[Opening PROVIDED RECORDS section]

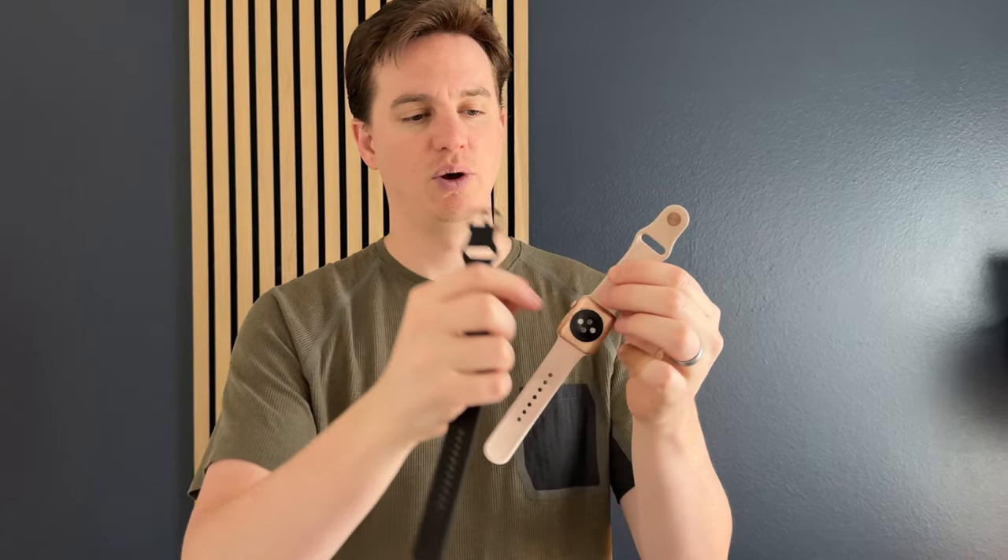There's only one knob button on this smartwatch, whereas on the Apple Watch there's the knob button and then a second button on the side.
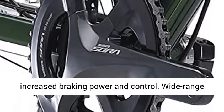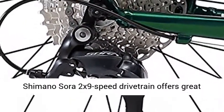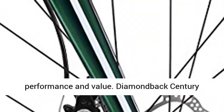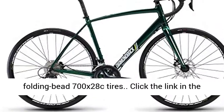Tektro Lyra Disc Brakes provide increased braking power and control. Wide-range Shimano Sora 2x9 Speed Drivetrain offers great performance and value. Diamondback Century Folding Bead 700x28C Tires.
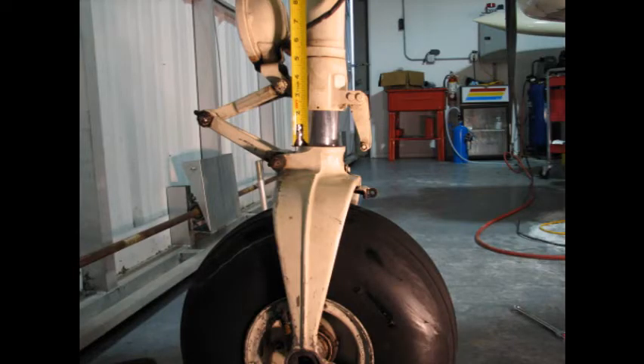According to the Cessna 310 service manual, proper inflation of the nose gear oleo strut is evidenced by having at least 2 inches of exposed chrome piston at the nose gear when the aircraft is sitting level at the ramp, and should be part of a preflight inspection.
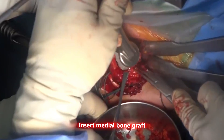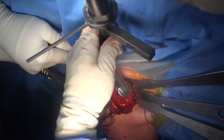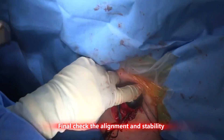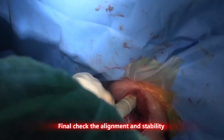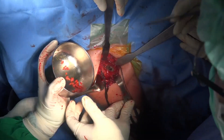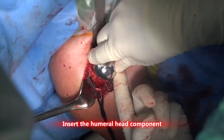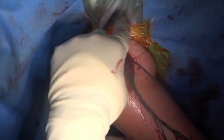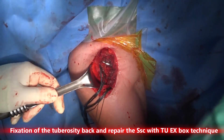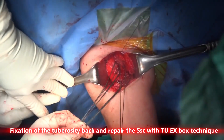Another key to making the stem fit is putting medial bone graft. One of the keys to success in total shoulder replacement is repairing the subscapularis. With this technique, we have not just a horizontal suture, but also an oblique X suture.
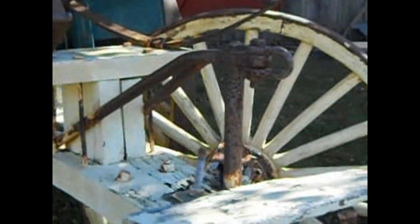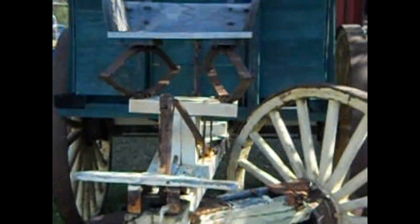It's a whole bench. Look at that — super old. And there you go.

[Closing PROVIDED RECORDS section]

# WHAT YOU ARE ASKED TO DO:
All lines from the one containing "According to the" to the last line of the records above, both included, need to be repeated word for word; omit the pictures.

# RESPONSE AREA:
According to the Cessna 310 service manual, proper inflation of the nose gear oleo strut is evidenced by having at least 2 inches of exposed chrome piston at the nose gear when the aircraft is sitting level at the ramp, and should be part of a preflight inspection.
Another key to making the stem fit is putting medial bone graft. One of the keys to success in total shoulder replacement is repairing the subscapularis. With this technique, we have not just a horizontal suture, but also an oblique X suture.
It's a whole bench. Look at that — super old. And there you go.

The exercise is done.